楽団の参加費や演奏会費、いい楽器を買ったりセッティングを揃えたりレッスンに通ったりなど、「趣味で音楽をするのはお金がかかってしまう・・」なんてお悩みは多いでしょう。
確かに色々かかりますよね。
「プロになれば音楽でお金を稼げるのに」と思う瞬間もあるかもしれません。
今回は音楽の専門教育を受けるのにどれくらいお金がかかるのか、わたしが今まで音楽や演奏のために勉強に費やしてきたお金のことを書いてみます。
音大は他の大学に比べて学費が高いということはご存知の通り。
わたしの出身大学は年間約160万円でした。
学部を卒業するのに4年間通うと160×4で640万円。
それでも当時関東の私立では一番安かったのです。
ちなみにわたしは大学院まで出てるので計6年で960万円です。
そして音大に入るには受験のためにレッスンに通います。
主科の楽器(私はクラリネット)と、副科ピアノ・楽典・ソルフェージュそれぞれを習いに毎週です。
色々な先生がいるのでレッスン料はまちまちですが大体週に2-3万円くらいかかるとして、わたしは1年半くらいでしたが普通は3年くらい通います。
良い楽器に買い換えたりしなくても、音大に入る前に300万円くらいは当たり前にかかるわけですね。
驚いてますか?
まだまだびっくりするのは早いですよ(笑)
積極的な学生だと在学中に演奏やレッスンで仕事をし始めます。
卒業後に音楽の仕事をしている人の多くは在学中からオーディションを受けたりなど動き出しています。
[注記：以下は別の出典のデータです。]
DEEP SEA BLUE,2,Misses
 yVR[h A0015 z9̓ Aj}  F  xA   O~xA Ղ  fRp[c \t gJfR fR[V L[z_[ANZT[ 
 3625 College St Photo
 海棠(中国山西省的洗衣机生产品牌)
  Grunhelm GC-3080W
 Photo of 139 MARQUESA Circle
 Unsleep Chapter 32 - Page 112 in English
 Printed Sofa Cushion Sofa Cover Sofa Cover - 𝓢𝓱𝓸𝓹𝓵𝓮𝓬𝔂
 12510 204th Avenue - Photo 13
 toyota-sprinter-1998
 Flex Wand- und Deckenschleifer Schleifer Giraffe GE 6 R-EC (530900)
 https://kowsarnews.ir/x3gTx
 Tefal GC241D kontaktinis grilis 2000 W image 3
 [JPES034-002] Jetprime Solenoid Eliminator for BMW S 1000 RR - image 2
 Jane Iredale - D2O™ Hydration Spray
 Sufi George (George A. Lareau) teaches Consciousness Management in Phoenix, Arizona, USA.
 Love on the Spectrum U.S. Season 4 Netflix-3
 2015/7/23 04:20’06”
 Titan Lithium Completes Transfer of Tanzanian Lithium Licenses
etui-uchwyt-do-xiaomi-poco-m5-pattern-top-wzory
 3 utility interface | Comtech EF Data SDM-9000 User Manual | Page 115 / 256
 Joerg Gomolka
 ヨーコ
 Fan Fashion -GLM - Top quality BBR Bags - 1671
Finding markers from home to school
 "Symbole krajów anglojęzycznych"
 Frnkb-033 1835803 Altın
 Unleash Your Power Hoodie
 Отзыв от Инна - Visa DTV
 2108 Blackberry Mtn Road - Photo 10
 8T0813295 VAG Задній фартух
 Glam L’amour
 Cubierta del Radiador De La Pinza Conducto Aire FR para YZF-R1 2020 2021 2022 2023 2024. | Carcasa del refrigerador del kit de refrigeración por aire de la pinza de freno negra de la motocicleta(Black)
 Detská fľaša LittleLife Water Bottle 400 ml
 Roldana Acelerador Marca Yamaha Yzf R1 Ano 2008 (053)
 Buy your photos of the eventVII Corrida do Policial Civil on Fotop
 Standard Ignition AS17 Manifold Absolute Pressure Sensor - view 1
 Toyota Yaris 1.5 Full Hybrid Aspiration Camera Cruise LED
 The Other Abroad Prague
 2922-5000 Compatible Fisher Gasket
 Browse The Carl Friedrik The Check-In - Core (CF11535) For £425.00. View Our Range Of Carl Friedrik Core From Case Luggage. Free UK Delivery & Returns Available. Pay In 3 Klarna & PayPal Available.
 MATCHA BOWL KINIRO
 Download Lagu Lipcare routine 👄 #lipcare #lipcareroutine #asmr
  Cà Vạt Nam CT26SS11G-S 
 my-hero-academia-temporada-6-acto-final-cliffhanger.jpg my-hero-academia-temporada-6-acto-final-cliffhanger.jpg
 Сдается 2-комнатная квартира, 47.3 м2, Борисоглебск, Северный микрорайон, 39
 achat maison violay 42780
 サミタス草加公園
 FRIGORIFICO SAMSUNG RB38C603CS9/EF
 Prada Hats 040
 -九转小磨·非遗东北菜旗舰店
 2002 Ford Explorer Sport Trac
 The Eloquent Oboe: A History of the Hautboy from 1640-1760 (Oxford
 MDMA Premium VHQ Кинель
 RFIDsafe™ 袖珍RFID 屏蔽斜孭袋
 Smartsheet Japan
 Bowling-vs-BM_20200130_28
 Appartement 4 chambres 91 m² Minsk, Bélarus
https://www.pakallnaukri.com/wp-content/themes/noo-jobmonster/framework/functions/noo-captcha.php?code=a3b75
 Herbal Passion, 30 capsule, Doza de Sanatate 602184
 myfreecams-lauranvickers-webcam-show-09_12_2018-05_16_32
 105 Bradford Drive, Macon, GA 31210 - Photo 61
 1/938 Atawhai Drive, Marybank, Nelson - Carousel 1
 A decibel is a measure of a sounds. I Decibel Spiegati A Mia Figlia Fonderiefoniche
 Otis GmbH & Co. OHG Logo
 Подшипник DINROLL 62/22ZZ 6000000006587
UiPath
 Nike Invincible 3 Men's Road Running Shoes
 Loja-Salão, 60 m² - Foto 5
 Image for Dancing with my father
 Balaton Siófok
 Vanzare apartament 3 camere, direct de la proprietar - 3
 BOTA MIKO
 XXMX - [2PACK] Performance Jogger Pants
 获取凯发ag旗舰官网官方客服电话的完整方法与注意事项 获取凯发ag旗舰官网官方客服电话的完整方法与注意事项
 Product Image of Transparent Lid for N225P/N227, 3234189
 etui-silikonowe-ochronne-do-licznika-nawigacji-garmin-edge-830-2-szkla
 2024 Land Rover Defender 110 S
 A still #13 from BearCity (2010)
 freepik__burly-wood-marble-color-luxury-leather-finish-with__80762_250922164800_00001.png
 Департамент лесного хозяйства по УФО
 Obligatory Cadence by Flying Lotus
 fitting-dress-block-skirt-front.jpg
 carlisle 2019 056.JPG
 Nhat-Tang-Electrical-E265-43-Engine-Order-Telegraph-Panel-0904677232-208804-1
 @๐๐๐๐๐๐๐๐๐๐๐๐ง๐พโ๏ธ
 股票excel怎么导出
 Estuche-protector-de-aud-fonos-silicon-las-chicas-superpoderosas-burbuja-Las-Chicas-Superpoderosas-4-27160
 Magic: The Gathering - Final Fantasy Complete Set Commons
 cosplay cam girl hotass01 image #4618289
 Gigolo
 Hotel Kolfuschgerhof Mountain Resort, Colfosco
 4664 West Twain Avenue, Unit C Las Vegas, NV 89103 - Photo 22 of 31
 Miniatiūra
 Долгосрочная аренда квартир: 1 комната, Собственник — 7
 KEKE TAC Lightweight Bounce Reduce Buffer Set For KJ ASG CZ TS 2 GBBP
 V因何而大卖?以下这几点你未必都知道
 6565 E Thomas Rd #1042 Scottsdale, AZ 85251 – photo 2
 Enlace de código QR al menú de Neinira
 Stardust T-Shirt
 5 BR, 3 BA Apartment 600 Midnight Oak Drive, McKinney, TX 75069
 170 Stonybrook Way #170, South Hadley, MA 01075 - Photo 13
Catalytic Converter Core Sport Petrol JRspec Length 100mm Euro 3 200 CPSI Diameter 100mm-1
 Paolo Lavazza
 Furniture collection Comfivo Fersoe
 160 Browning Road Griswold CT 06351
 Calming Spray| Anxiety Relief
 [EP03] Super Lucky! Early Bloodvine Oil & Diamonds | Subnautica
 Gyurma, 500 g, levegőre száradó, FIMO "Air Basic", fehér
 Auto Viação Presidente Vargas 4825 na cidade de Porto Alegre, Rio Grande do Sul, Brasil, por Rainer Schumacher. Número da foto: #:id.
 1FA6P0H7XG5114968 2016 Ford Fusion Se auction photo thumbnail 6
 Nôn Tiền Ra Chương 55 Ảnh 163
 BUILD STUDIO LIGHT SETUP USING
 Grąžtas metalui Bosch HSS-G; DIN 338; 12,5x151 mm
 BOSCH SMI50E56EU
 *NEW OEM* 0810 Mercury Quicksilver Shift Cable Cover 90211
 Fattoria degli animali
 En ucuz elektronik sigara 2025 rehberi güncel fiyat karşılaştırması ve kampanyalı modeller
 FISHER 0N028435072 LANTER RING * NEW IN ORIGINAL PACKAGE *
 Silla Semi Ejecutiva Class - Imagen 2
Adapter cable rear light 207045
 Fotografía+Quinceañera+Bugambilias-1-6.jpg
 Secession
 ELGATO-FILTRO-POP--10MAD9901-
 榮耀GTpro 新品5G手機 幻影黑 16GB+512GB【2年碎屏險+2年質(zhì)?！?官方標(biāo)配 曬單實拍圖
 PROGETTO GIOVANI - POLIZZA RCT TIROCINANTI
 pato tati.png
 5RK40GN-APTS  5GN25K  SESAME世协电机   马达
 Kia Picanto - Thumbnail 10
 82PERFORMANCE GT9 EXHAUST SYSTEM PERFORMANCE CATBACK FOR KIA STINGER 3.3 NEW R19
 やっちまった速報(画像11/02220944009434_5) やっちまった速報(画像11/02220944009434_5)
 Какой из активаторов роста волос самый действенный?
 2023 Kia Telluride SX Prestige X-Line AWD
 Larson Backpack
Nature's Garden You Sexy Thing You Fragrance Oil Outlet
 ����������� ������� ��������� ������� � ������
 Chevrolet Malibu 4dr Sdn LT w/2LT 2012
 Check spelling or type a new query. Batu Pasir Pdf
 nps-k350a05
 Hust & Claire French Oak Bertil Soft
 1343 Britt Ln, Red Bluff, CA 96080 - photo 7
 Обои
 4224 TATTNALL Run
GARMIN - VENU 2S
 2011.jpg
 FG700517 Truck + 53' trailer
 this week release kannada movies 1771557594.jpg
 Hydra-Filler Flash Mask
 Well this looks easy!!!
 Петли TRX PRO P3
現場で学ぶことは大学で教わることの数倍はありますが、「勉強のために」「経験だから」「今後に繋がるから」なんて言い訳でタダ同然で依頼される案件にも自腹で交通費など経費をかけて引き受けることも多いもの。
そしてたいていの場合、今後には繋がりません。
本当に将来に繋がるのは有能な若者を安く使い倒そうとする悪質な案件ではなく、厳しいオーディションなどを潜り抜けて席を得た真っ当な報酬を支払われる案件です。
だから1000万近くかけて勉強しても卒業後にアルバイトをせずに音楽だけで暮らせるのはほんの一握り。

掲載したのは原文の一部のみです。